Pictures stay out of the copy, which must hold exactly the lines from the one containing "13 X 11 X 23.75" through the end of the material below.

▸ Information supplied
================================

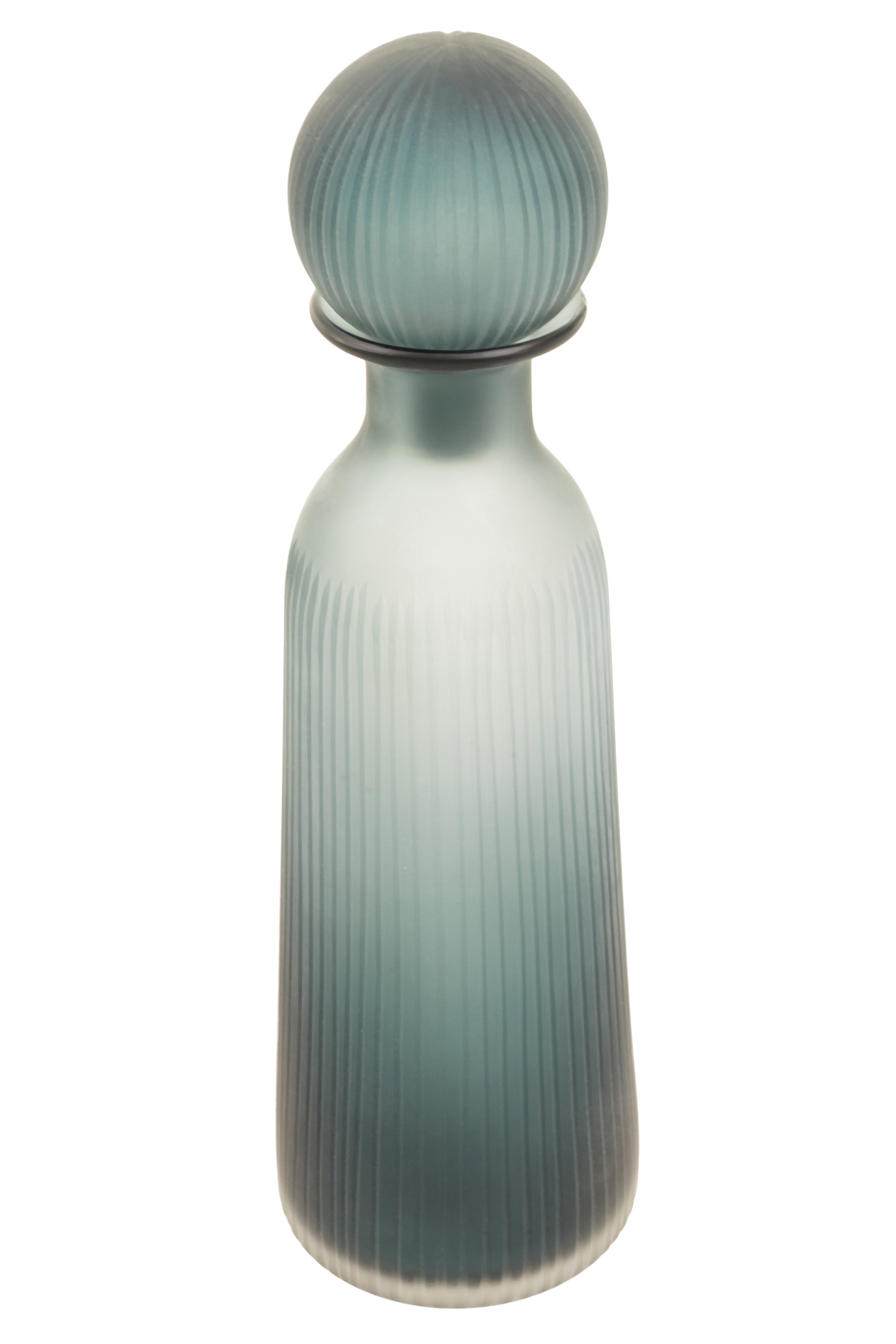 Camilla Frosted Blue Glass Bottle Vase | Large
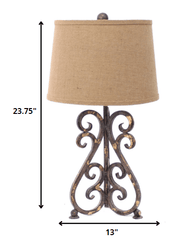 13 X 11 X 23.75 Bronze Vintage Metal Khaki Linen Shade - Table Lamp - Homeroots
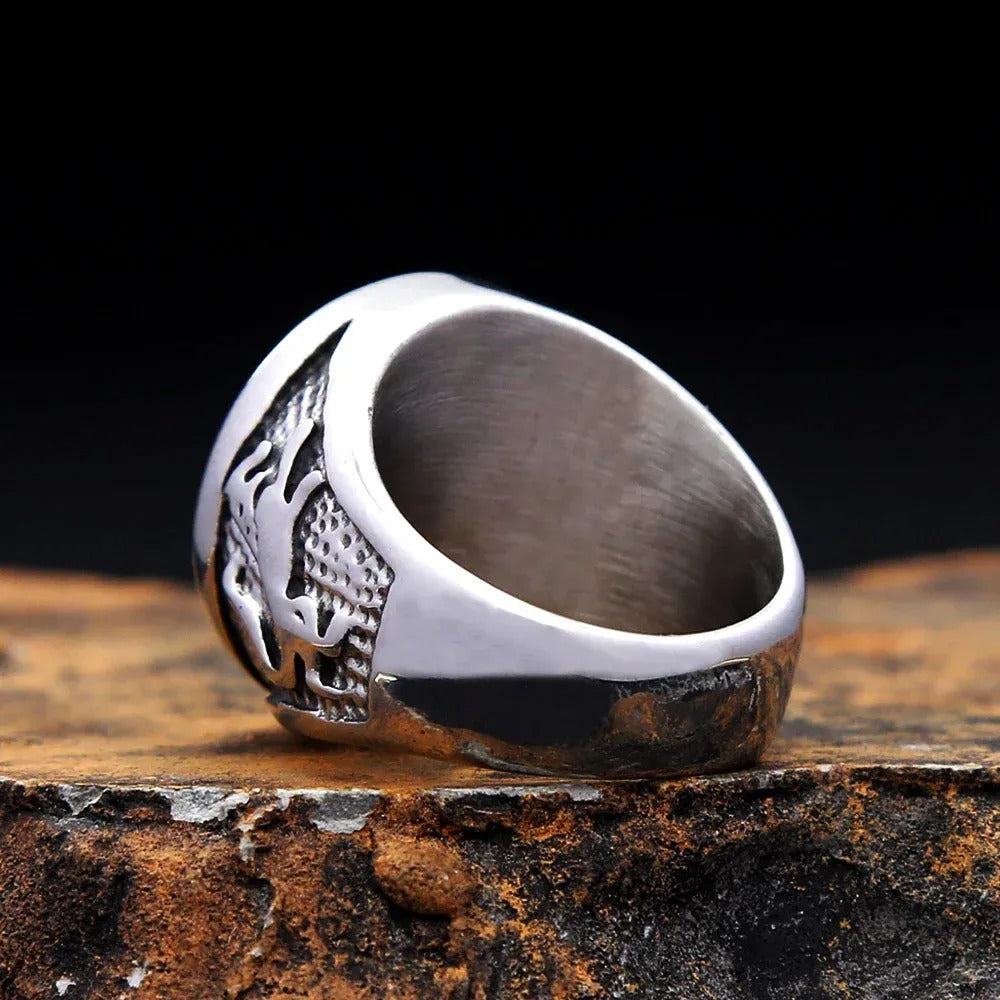 Vintage Wolf Stainless Steel Men's Ring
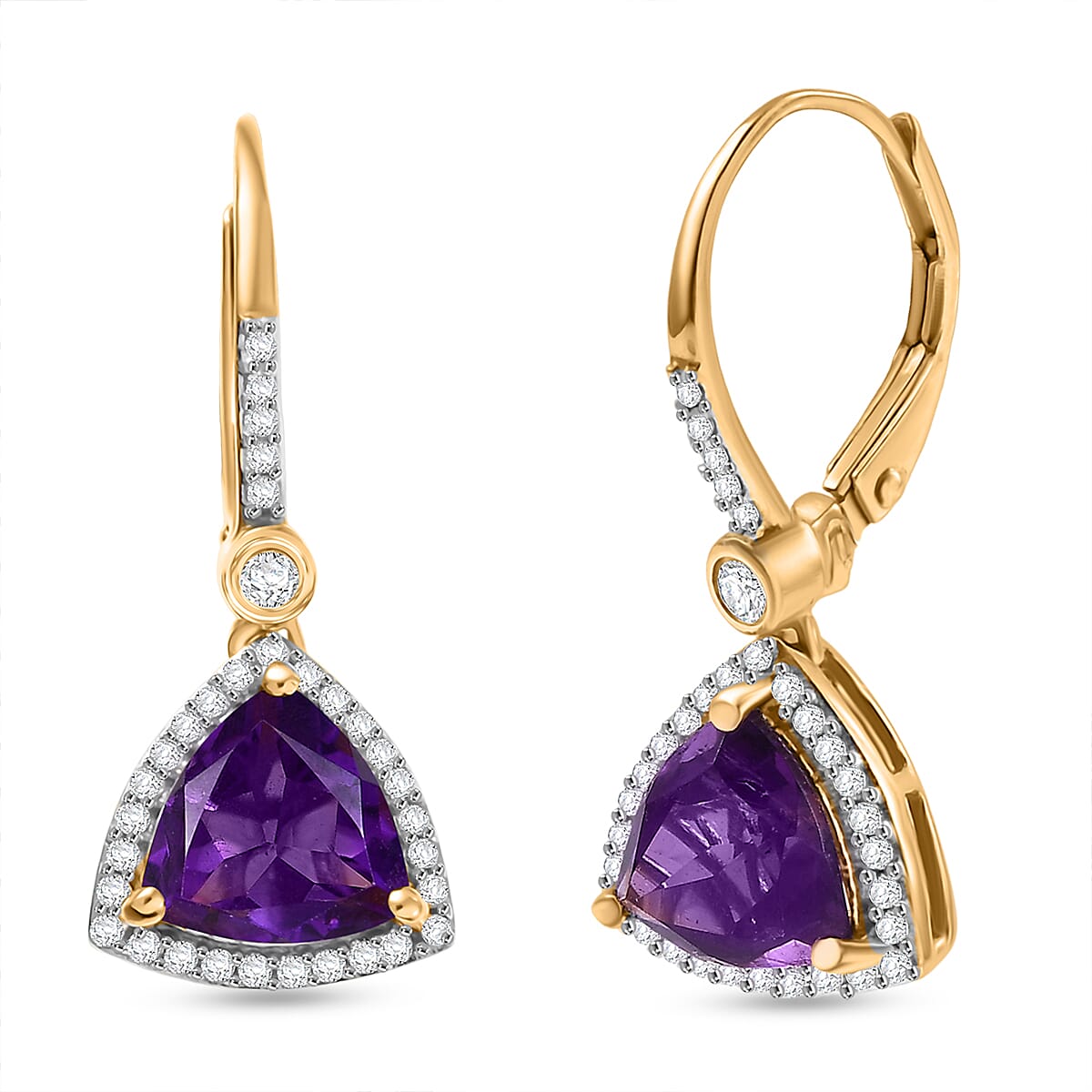 D'Joy AAA African Amethyst & White Zircon Solitaire Lever Back Earring in Yellow Gold Plated Sterling Silver 4.07 Ct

================================

▸ Output for this task
 13 X 11 X 23.75 Bronze Vintage Metal Khaki Linen Shade - Table Lamp - Homeroots
 Vintage Wolf Stainless Steel Men's Ring
 D'Joy AAA African Amethyst & White Zircon Solitaire Lever Back Earring in Yellow Gold Plated Sterling Silver 4.07 Ct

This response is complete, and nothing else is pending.